Bemerkenswert ist in diesem Zusammenhang China. Auch gegen das Reich der Mitte wurden schon vor Jahrzehnten Strafmaßnahmen verhängt – etwa nach Niederschlagung der Proteste auf dem Platz des Himmlischen Friedens 1989 – deren Anzahl und Intensität hat sich in den vergangenen Jahren aber massiv erhöht, weil die USA seit der Trump-Administrationen einen multiplen Feldzug gegen das Land führen und inzwischen sogar verbündete Länder dazu drängen, Sanktionen gegen China zu erlassen, wie das Beispiel von Europas größtem Technologiekonzern ASML zeigt.
Der Globale Süden wendet sich ab
Betrachtet man die sich derzeit entfaltenden geopolitischen Verschiebungen auf der Welt, könnten die gegen Russland ins Feld geführten Sanktionen einen historischen Wendepunkt eingeläutet haben: konfrontiert mit der Instrumentalisierung der Weltleitwährung Dollar und einer aus Washington und Brüssel betriebenen Druckkampagne, es Europäern und Amerikanern gleichzutun, haben viele Länder des Globalen Südens damit begonnen, einen vom Westen unabhängigeren Kurs einzuschlagen.
In wirtschaftlicher Hinsicht manifestiert sich diese Abkehr vom Westen in der verstärkten Nutzung alternativer Währungen. Länder wie China, Russland, Brasilien, Argentinien, Bolivien, Myanmar, Indien, die Vereinigten Arabischen Emirate oder Bangladesch drängen den Dollar in ihren Handelsgeschäften zurück und greifen verstärkt auf die eigenen Währungen oder jene des Handelspartners zurück.
In politisch-institutioneller Hinsicht hat sich das Streben nach mehr Unabhängigkeit in der Gründung alternativer Organisationen und Dialog-Plattformen niedergeschlagen, welche seit einiger Zeit einen verstärkten Zulauf registrieren.

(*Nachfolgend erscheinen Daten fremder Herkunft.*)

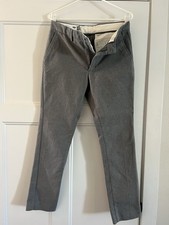 Grey Classic Men's Dress Pants with Belt Loops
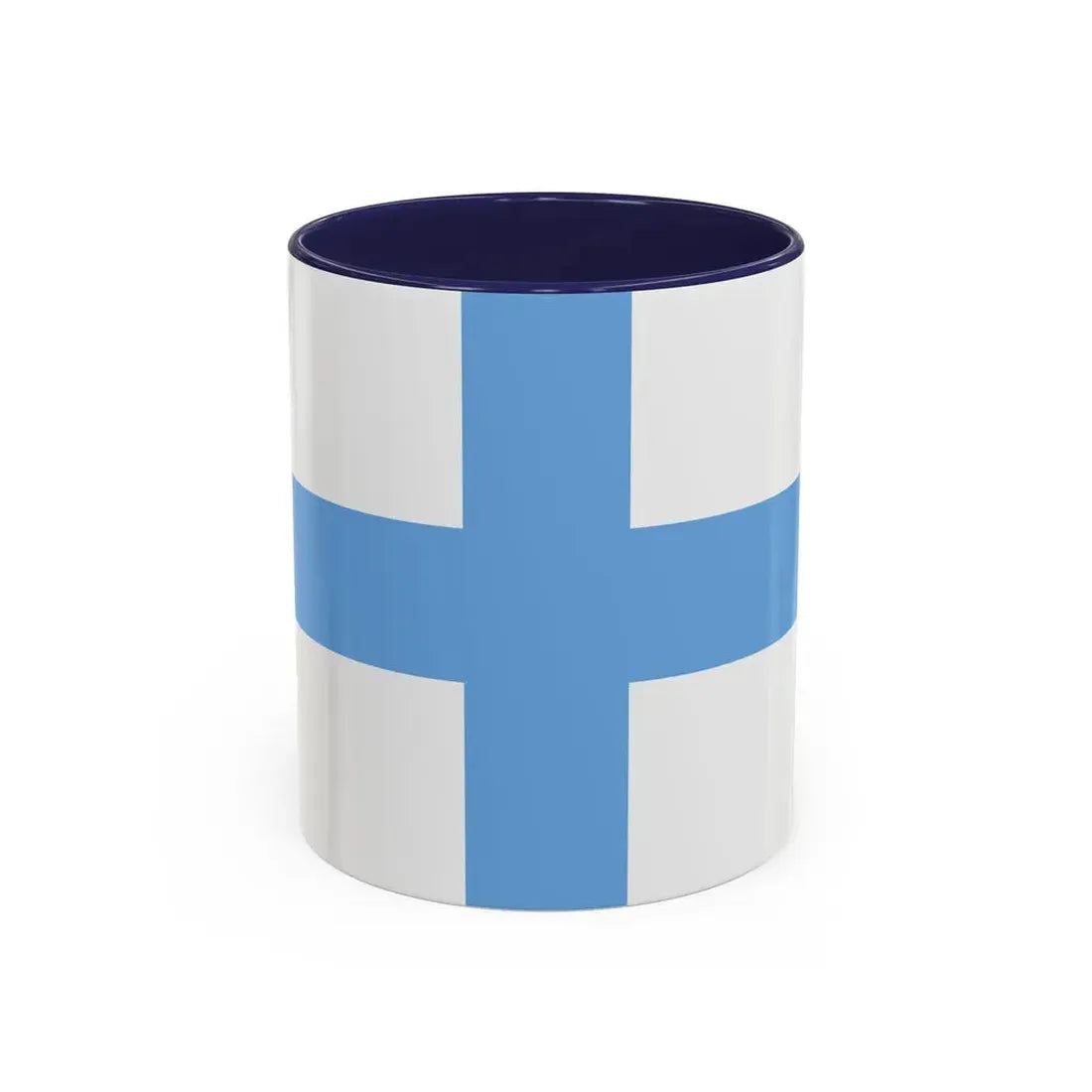 Flag of Argentine Patriotic League - Accent Coffee Mug 11oz Navy - Go Mug Yourself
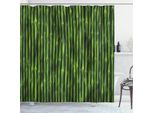 Abakuhaus Tenda Da Doccia Verde, Tronchi Di Bambù Tropicali, Opaca, Incl. 12 Anelli, Resistente A Batteri E Muffe, 175 X 240 Cm, Verde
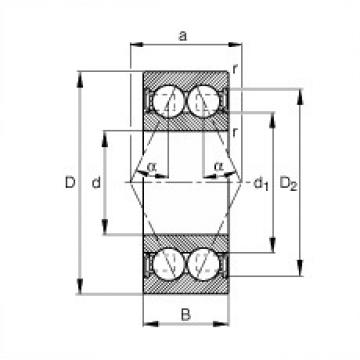 Bearing 30/7-B-2RSR-TVH FAG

Das BRICS-Format, die Schanghaier Organisation für Zusammenarbeit, Chinas Neue Seidenstraße, die Eurasische Wirtschaftsunion, die New Development Bank, die Asiatische Infrastruktur- und Investitionsbank, die Zahlungsabwicklungssysteme CIPS und „Mir“, die Schanghaier Goldbörse und auch die weltgrößte Freihandelszone RCEP sind dezidiert als Alternativen zu den vom Westen dominierten Strukturen konzipiert worden, wobei China und Russland als treibende Kräfte auf dem Weg zu einer multipolaren Weltordnung fungieren.
Europa zahlt den Preis
Inzwischen zeichnet sich ab, dass Europa den Großteil der negativen Rückkopplungen der Sanktionen absorbieren muss – und zwar vor allem in Form stark steigender Preise.
Besonders die Abkehr von russischen Energieträgern hat im Verbund mit der jahrelang betriebenen Geldschöpfung der Europäischen Zentralbank dazu geführt, dass die Geldentwertung rapide an Fahrt gewonnen hat.
Bemerkenswert ist, dass die Russland-Sanktionen nur teilweise wirken, weil russische Energie über Drittländer wieder nach Europa importiert werden – allerdings zu deutlich höheren Preisen als im Direktbezug.
Europas Probleme mit der Inflation können an den aktuellen Zahlen für Deutschland und im Vergleich zu den USA und China abgelesen werden.
So lag das Preisniveau im April hierzulande 7,2 Prozent höher als im April 2022. Lebensmittel verteuerten sich um 17,2 Prozent zum Vorjahresmonat. Energie verteuerte sich um 6,8 Prozent. Haushaltsenergie kostete 21,1 Prozent mehr als ein Jahr zuvor. Dienstleistungen kosteten 4,7 Prozent mehr als im Vorjahr, die Wohnungsmieten legten um 2 Prozent zu.
In den Vereinigten Staaten liegt die Gesamtrate mittlerweile bei 4,9 Prozent und in China machen sich sogar deflationäre Tendenzen bemerkbar. Dort stiegen die Verbraucherpreise per April im Jahresvergleich um nur noch 0,1 Prozent (niedrigster Wert seit Februar 2021) nach zuvor 0,7 Prozent im März. Die Erzeugerpreise sanken im April im Jahresvergleich um 3,6 Prozent (niedrigster Wert seit Mai 2020) nach zuvor minus 2,5 Prozent.